Data structure for fast case-sensitive and insensitive search
A system and method to facilitate fast and efficient implementation of case-sensitive and insensitive search using a search engine on a dictionary and using one or more search terms. The dictionary comprises an ordered list of terms. In one implementation a dictionary sorting function is set to sort the ordered list of terms based on case sensitivity. According to the dictionary sorting function, it is determined whether a term corresponding to a search term is in an upper or lower half of the ordered list. Then an upper or lower half of the ordered list that includes the search term is selected.
When using a search engine or similar technology to search in an information system for a certain term, which may be either a single word or a phrase, a user enters a string of characters. The string of characters may include a specific combination of uppercase and lowercase letters.
Where letters are used for the search term, a number of cases are possible. In one case, the user wishes to retrieve only documents containing the search term with the specific combination of uppercase and lowercase letters. In this case, the user wishes to perform a “case-sensitive” search. In another case, the user wishes to retrieve all documents containing variants of the search term with any combination of uppercase and lowercase letters. In this case, the user wishes to perform a “case-insensitive” search. The search engine should enable the user to choose which kind of search to perform, without sacrificing speed or efficiency.
In one example, a search term includes a string of characters. In the search system, a dictionary stores a list of all acceptable terms for a string attribute. Logically, the dictionary is a sorted list of strings. In the example, let the dictionary include the set of terms {“ADAM”, “Adam”, “adam”}. Corresponding search results are exemplified below:
Conventional techniques for implementing case-sensitive searches are fast and efficient.

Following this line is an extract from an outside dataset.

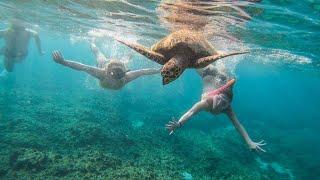 AMAZING holiday in AMAZING VIEW, Thoddoo island, MALDIVES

However, techniques for implementing case-insensitive search on the same dictionary may be much slower and less efficient, since standard dictionary orderings of terms in the index for a document collection may not group variants of terms with different uppercase and lowercase spellings together. Case-insensitive search on a different dictionary can be fast, but this requires maintenance of two separate dictionaries, which is inefficient.
There exists a need to raise the speed and efficiency of case-insensitive search by defining a dictionary implementation that enables comparably fast sensitive and insensitive search to be performed on the same list of terms in a dictionary.
SUMMARYThis document discloses a method and system to define a dictionary sorting function that orders terms case-insensitively into blocks that are equivalent except for case variations, then order blocks of equivalent terms such that variants with uppercase letters precede variants with lowercase letters.
In accordance with an embodiment, a method of fast case-sensitive search of a dictionary using one or more search terms is disclosed. The dictionary includes an ordered list of terms. The method includes setting a dictionary sorting function to sort the ordered list of terms based on case sensitivity, and determining, according to the dictionary sorting function, whether a term corresponding to a search term is in an upper or lower half of the ordered list. The method further includes selecting an upper or lower half of the ordered list that includes the search term.
In accordance with another embodiment, a system for fast case-sensitive search of the dictionary includes a search engine configured to receive a user search query for a search of the dictionary, and to return a search result list. The search engine is further configured to enable a user to select whether to perform a case-sensitive or case-insensitive search of the dictionary. The system further includes an ordering module configured to order the terms in the dictionary based in part on the binary numbers corresponding to the ASCII coding of alphanumeric characters comprising the terms in the dictionary.
The details of one or more embodiments are set forth in the accompanying drawings and the description below. Other features, objects, and advantages will be apparent from the description and drawings, and from the claims.
BRIEF DESCRIPTION OF THE DRAWINGSThese and other aspects will now be described in detail with reference to the following drawings.
Like reference symbols in the various drawings indicate like elements.
DETAILED DESCRIPTIONA method and system is disclosed that defines a dictionary sorting function that orders terms case-insensitively into blocks that are equivalent except for case variations. Then, blocks of equivalent terms are ordered such that variants with uppercase letters precede variants with lowercase letters. In one implementation, the dictionary includes appropriate case-oriented spelling variants of each term.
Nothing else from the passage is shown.